L'histoire :
L’hiver est là, dans le Montana, qui offre sa rigueur au trappeur et un gros ours en pâture… Après ses péripéties mexicaines (voir les tomes 5 et 6), Lincoln a fui la compagnie de ses semblables pour jouer les ermites en pleine montagne. Seul l’échange régulier de quelques fourrures contre des bidons de whisky lui fait gagner de temps à autres la ville la plus proche. Le rituel commence toujours par un arrêt au saloon pour alterner bière et whisky, jusqu’à tomber. La femme du patron est d’ailleurs bien gentille et Lincoln regrette qu’elle se laisse chahuter par un mari à la main trop souvent leste. Mais riche des ses expériences précédentes, notre cow-boy n’est pas décidé à lever le petit doigt.
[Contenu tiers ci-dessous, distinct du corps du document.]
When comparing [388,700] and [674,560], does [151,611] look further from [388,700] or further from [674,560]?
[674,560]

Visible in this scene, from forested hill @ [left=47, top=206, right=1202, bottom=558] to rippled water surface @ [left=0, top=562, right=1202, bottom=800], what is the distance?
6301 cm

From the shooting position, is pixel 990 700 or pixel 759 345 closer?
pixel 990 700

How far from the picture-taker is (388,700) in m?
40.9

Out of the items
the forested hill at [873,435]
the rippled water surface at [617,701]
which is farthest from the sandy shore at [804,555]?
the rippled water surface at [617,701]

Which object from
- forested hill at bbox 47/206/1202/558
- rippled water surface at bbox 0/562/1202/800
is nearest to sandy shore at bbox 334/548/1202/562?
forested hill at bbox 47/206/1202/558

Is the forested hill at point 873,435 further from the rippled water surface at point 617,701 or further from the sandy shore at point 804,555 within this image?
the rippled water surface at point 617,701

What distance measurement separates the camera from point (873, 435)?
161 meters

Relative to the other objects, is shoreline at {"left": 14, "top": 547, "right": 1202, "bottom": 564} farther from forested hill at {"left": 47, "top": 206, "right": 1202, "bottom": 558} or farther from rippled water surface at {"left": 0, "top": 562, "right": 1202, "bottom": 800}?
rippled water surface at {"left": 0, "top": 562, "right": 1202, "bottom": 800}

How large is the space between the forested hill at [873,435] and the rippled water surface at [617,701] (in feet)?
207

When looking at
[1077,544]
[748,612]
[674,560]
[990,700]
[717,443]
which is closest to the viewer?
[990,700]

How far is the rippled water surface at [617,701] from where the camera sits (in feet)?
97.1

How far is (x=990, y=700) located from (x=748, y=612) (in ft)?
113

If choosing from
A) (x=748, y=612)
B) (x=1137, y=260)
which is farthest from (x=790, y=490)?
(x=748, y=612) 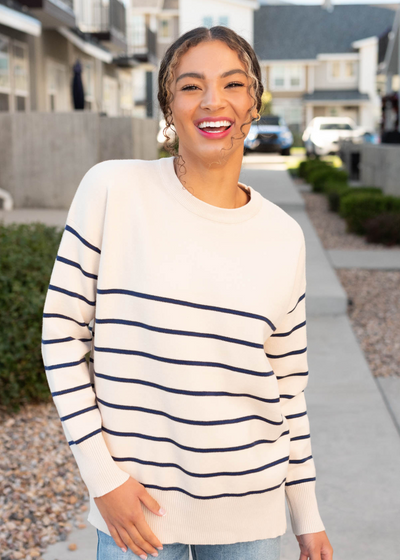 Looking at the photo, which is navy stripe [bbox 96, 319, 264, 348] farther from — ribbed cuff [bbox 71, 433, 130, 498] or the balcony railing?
the balcony railing

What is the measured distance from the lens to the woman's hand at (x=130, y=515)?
4.90 ft

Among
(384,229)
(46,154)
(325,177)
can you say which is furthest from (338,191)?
(46,154)

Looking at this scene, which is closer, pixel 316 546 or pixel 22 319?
pixel 316 546

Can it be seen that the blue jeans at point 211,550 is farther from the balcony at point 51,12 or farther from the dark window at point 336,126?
the dark window at point 336,126

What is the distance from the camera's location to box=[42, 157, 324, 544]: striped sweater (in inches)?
58.7

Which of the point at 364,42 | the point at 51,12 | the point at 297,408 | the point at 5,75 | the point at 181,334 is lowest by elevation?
the point at 297,408

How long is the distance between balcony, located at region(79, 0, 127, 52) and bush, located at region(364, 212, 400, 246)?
1108 centimetres

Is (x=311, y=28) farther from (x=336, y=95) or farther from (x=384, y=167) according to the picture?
(x=384, y=167)

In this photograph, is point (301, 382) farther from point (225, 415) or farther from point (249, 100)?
point (249, 100)

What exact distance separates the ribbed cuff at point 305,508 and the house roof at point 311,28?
47592 mm

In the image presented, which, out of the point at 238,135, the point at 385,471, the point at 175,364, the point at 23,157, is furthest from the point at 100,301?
the point at 23,157

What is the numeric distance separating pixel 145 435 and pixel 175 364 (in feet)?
0.58

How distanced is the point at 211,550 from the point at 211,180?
0.83 meters

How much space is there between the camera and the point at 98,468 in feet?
4.90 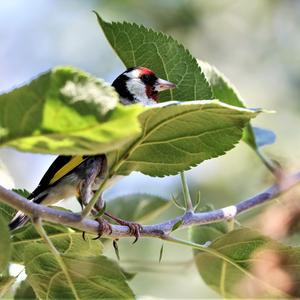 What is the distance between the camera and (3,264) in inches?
45.2

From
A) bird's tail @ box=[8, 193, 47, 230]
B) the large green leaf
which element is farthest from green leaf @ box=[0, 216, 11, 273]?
the large green leaf

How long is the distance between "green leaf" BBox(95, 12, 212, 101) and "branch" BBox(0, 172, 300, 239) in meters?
0.25

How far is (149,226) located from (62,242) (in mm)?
222

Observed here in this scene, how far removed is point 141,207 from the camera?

Ensuite, immuablement, notre ami gagne la ruelle adjacente et puante dans laquelle s’entassent deux mendiants. Deux affamés du biberon que Lincoln rince copieusement par charité avant d’aller faire son troc avec Van der Blutt qui tient la boutique de vins et spiritueux. Enfin, Lincoln, bercé par le tintement de ses bouteilles, regagne ses montagnes. Mais ce soir-là, c’est son vieux copain Dieu qui l’accueille sur le perron. Il a fait briller sa cabane comme un sou neuf. Mais ce n’est pas l’unique raison de sa venue : il lui annonce que du nouveau est en train de se préparer en ville. Un « nouveau » qui risque de ne pas plaire du tout à son protégé…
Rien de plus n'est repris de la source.